Çin’de gayrimenkul kesiminin problemleri piyasaları etkilemeyi sürdürürken ülkenin bu alandaki en büyük oyuncusu Country Garden’a ait haber akışı yatırımcıların odağında bulunmaya devam ediyor.
Çin Merkez Bankası (PBoC) ayrıyeten 1 ve 5 yıllık borçlanma faizini sırasıyla yüzde 3,45 ve 4,20’de sabit bıraktı.

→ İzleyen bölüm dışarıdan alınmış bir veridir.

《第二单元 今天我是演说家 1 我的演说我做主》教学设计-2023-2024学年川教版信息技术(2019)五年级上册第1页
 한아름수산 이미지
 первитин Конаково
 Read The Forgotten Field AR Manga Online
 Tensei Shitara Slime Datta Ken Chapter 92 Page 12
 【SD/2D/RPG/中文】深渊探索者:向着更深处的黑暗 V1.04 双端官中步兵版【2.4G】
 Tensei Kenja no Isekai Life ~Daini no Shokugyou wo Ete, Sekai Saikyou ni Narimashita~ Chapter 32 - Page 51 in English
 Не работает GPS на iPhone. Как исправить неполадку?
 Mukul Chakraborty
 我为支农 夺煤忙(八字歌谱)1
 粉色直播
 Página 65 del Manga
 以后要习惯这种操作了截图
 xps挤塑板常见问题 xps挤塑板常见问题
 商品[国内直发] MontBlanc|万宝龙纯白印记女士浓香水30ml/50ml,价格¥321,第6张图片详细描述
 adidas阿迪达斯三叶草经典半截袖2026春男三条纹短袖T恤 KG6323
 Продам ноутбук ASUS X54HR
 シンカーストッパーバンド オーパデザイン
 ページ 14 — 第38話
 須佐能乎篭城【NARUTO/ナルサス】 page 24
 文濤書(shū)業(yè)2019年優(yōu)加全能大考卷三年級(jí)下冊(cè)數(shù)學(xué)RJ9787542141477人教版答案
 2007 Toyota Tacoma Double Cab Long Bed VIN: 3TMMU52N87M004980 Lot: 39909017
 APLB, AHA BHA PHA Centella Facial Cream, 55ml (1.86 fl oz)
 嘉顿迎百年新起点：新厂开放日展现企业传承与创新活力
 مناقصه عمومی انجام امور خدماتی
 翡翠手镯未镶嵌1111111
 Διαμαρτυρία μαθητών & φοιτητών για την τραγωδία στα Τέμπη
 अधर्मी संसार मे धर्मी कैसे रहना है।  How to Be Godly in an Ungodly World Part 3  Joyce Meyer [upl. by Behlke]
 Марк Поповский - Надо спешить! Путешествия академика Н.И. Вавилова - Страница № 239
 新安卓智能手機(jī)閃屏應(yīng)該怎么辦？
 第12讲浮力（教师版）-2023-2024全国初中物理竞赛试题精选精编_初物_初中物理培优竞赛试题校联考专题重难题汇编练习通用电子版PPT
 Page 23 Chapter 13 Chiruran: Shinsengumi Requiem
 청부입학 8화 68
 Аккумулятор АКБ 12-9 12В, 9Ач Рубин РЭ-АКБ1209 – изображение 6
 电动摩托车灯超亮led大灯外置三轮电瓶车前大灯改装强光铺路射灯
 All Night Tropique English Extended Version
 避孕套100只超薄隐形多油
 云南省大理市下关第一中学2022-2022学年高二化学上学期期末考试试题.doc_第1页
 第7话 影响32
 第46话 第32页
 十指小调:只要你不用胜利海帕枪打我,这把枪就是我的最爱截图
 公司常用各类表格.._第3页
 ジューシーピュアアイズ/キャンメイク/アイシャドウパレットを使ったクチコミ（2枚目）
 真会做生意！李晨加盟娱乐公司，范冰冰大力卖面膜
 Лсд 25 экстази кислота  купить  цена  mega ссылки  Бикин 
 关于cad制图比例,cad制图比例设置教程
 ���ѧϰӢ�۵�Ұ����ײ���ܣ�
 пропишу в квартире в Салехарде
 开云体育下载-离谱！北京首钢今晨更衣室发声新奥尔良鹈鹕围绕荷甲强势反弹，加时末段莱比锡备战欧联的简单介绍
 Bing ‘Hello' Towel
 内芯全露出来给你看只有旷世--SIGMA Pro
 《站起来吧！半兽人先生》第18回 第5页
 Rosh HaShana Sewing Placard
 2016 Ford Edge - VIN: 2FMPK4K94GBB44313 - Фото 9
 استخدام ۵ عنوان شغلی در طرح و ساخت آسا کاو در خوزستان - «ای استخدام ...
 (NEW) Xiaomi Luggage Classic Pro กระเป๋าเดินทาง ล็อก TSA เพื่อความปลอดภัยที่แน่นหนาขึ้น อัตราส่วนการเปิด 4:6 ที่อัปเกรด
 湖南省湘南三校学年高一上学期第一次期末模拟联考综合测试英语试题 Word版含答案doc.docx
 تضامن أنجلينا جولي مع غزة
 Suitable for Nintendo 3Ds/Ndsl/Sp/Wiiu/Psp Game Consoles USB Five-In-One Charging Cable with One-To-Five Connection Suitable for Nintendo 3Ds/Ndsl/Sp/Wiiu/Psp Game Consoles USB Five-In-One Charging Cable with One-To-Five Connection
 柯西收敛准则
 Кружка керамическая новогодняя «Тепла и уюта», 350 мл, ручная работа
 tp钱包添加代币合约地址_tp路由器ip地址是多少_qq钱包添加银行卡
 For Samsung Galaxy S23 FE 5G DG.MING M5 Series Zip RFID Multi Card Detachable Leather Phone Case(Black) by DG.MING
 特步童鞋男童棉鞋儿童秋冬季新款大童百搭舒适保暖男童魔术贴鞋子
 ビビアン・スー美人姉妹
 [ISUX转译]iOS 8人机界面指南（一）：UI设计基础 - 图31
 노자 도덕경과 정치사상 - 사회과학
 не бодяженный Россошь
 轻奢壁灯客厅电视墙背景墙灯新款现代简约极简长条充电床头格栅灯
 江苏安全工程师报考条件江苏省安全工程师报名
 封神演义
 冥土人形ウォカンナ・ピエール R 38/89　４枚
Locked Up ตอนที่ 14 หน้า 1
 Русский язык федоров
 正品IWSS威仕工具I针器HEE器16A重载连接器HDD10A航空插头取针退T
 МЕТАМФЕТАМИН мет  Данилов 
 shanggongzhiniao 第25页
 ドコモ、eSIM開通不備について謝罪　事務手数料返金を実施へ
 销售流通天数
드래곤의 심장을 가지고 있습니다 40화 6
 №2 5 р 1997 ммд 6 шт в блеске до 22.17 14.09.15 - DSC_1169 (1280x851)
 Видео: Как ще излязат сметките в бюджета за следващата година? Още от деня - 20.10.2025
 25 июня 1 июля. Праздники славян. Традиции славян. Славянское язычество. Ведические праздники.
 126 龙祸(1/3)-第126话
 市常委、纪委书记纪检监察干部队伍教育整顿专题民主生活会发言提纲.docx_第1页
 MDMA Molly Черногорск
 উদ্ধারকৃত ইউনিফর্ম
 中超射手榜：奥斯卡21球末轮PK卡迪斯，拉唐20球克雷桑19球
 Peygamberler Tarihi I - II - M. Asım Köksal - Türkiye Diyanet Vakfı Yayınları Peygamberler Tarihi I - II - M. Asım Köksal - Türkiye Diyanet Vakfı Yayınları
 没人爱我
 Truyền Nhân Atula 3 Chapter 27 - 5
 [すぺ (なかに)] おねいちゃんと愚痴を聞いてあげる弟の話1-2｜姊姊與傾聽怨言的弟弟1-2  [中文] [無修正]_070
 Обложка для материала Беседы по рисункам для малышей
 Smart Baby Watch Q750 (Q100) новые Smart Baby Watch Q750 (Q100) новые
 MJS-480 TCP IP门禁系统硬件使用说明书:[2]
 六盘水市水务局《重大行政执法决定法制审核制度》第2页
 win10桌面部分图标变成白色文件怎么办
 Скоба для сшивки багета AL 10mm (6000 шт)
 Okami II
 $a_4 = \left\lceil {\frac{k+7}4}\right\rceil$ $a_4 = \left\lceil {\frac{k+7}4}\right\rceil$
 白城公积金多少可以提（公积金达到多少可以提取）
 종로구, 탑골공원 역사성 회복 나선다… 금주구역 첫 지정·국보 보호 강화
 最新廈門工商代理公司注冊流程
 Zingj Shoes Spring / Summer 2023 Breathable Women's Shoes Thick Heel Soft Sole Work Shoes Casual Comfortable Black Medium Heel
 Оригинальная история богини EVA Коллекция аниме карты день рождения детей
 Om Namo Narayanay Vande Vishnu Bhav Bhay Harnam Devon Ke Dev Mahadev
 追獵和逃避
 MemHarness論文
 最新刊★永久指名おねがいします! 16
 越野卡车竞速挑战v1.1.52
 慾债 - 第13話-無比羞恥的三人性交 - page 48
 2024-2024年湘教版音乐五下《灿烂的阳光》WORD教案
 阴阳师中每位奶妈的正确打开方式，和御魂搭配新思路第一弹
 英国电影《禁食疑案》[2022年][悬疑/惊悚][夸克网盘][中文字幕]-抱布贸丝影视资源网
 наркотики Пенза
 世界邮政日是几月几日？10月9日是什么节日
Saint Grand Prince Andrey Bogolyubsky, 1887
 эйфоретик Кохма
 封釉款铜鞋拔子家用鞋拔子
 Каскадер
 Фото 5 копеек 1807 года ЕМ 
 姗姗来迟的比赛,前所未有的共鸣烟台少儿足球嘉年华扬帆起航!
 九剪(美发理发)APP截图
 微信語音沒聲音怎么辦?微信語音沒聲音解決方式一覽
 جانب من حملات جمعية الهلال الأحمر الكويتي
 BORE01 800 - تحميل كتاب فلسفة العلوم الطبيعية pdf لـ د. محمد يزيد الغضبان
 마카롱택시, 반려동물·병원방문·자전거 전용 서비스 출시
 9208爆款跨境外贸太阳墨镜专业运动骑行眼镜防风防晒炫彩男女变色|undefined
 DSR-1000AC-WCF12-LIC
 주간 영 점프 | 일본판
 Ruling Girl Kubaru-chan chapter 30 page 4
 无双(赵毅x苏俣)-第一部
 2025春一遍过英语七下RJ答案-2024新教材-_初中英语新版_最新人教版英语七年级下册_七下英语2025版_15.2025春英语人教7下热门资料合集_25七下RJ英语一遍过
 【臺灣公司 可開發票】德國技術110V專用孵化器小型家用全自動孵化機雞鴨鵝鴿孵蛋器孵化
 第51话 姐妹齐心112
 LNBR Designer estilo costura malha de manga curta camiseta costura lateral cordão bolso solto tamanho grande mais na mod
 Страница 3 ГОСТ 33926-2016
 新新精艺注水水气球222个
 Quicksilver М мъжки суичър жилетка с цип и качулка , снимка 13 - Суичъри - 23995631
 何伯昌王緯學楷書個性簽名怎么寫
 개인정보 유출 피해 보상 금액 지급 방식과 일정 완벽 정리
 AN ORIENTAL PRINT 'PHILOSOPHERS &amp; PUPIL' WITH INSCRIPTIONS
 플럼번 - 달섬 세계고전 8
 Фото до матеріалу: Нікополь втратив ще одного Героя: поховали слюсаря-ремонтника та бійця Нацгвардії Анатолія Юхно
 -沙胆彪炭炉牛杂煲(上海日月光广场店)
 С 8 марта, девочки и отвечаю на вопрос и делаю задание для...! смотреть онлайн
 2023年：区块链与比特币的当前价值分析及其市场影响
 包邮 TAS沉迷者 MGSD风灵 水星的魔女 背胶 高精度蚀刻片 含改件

Japonya’da açıklanan bilgilere nazaran TÜFE eylülde yüzde 3 artışla beklentilere paralel gerçekleşirken çekirdek TÜFE yüzde 2,8 yükselişle öngörüleri geride bıraktı. Ülkede dış ticaret istikrarı beklentilerin bilakis 62 milyar yen fazla verdi.
Güney Kore Merkez Bankası üst üste 6’ncı toplantıda da siyaset faizini değiştirmeyerek yüzde 3,5’te sabit bıraktı.
Söz konusu gelişmelerle haftalık bazda Hong Kong’da Hang Seng endeksi yüzde 3,60, Güney Kore’de Kospi endeksi yüzde 3,30, Japonya’da Nikkei 225 endeksi yüzde 3,27, Çin’de Şanghay bileşik endeksi yüzde 3,40 bedel kaybetti.
Gelecek hafta Japonya’da Tokyo TÜFE takip edilecek.